ADAM HOBHOUSE Hangover Murders

   Jacket blurbs are notoriously inaccurate, but this one is reasonably on the mark — up to a point. The men are hard, all right, though to call any of them charming is a considerable stretch. The women are just as hard, and sometimes just as nasty (one of them casually uses the euphemism “frigging,” probably its first ever appearance in a mystery novel).

   The style is certainly stripped and metallic, the pace frenetic. But it’s what the blurb leaves out that makes this more than just another mystery novel; makes it, in fact, a jaw-dropping tour de force.

   In addition to being as tough and as anything penned by the Black Mask boys in the 30s, with three bloody murders and an equally bloody suicide, it is:

   ? A biting, perhaps intentional satire of the The Thin Man (also published by Knopf the year before), with the lighthearted boozy elements turned upside down.

   ? A fair-play detective story, well clued, with some genuine detection and a surprisingly convoluted plot worthy of Christie (though it would probably have horrified her).

   ? A wild tangle of ingredients including but not limited to: ultra-tough slanguage interspersed with lyrical descriptions of such topics as French antiques and erudite quotes from various literary sources; graphic descriptions of violent acts and autopsy procedures; clever clues such as a note written in Greek that refers to a Christian love-feast and an obscure poem by Lord Byron; a quarter of a million dollars in missing money, one missing chauffeur, one dead chauffeur, a roadside inn run by a gang of drunken Sicilians, a country swimming hole surrounded by muddy footprints, the murder of a psychologist cum hypnotist by a gunman perched in a tree, lessons in ballistics and the making of shellac-and-plaster impressions, a polo match, a booby-trapped polo mallet, and a Revolutionary War cannon.

   There are also two lengthy sequences of staggering (literally) proportions. In one, Milburn chases a suspect into a Manhattan bar, pauses to have a few drinks with the patrons, is slipped a mickey by the bartender, and wakes up hours later in a Brooklyn backwater where he buys a decrepit horse from an Italian vendor, immediately changes the horse’s name from Aida to Rosinante (for no apparent reason), then woozily rides Rosinante bareback among startled crowds in search of a cop, his next drink, and a bucket of beer for the horse.

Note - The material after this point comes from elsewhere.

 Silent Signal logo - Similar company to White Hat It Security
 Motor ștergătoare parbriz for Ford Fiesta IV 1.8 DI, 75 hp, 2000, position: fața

ADAM HOBHOUSE Hangover Murders

   In the other, a penultimate “nice little bust,” Milburn and Carlotta consume nearly a dozen different kinds of straight and mixed drinks in NYC restaurants and bars, go for a long joyriding jaunt in the country at 80 miles an hour in Tony’s Bugatti, spend the rest of the night wreaking havoc in a graveyard, and at daybreak breakfast on bottles of brandy and champagne.

   Milburn himself offers the best summation of these extraordinary events. It’s enough, he says at one point near the end, “to put a crimp in your cerebellum.”

   If you can find a copy of The Hangover Murders (it’s extremely scarce and as such, pricey), by all means read it. You may not like it, but I’ll guarantee you won’t soon forget it.